Your assignment. Retype the full set of records. Keep every character identical.

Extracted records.
◆ ◆ ◆

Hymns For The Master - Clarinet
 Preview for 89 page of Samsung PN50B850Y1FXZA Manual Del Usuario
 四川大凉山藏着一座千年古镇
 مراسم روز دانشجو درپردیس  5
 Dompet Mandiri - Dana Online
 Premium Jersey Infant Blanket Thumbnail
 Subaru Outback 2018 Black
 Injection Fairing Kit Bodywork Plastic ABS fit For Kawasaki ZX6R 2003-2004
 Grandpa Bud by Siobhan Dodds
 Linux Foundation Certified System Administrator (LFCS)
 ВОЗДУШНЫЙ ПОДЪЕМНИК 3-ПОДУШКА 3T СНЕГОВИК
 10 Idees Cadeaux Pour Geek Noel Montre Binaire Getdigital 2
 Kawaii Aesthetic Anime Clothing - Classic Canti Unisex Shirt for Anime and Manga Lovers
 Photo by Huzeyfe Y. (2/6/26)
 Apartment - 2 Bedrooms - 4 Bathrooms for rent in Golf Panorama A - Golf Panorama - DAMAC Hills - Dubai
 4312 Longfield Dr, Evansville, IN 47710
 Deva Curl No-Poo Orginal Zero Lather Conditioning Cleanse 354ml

◆ ◆ ◆

Task solution.
Hymns For The Master - Clarinet
 Preview for 89 page of Samsung PN50B850Y1FXZA Manual Del Usuario
 四川大凉山藏着一座千年古镇
 مراسم روز دانشجو درپردیس  5
 Dompet Mandiri - Dana Online
 Premium Jersey Infant Blanket Thumbnail
 Subaru Outback 2018 Black
 Injection Fairing Kit Bodywork Plastic ABS fit For Kawasaki ZX6R 2003-2004
 Grandpa Bud by Siobhan Dodds
 Linux Foundation Certified System Administrator (LFCS)
 ВОЗДУШНЫЙ ПОДЪЕМНИК 3-ПОДУШКА 3T СНЕГОВИК
 10 Idees Cadeaux Pour Geek Noel Montre Binaire Getdigital 2
 Kawaii Aesthetic Anime Clothing - Classic Canti Unisex Shirt for Anime and Manga Lovers
 Photo by Huzeyfe Y. (2/6/26)
 Apartment - 2 Bedrooms - 4 Bathrooms for rent in Golf Panorama A - Golf Panorama - DAMAC Hills - Dubai
 4312 Longfield Dr, Evansville, IN 47710
 Deva Curl No-Poo Orginal Zero Lather Conditioning Cleanse 354ml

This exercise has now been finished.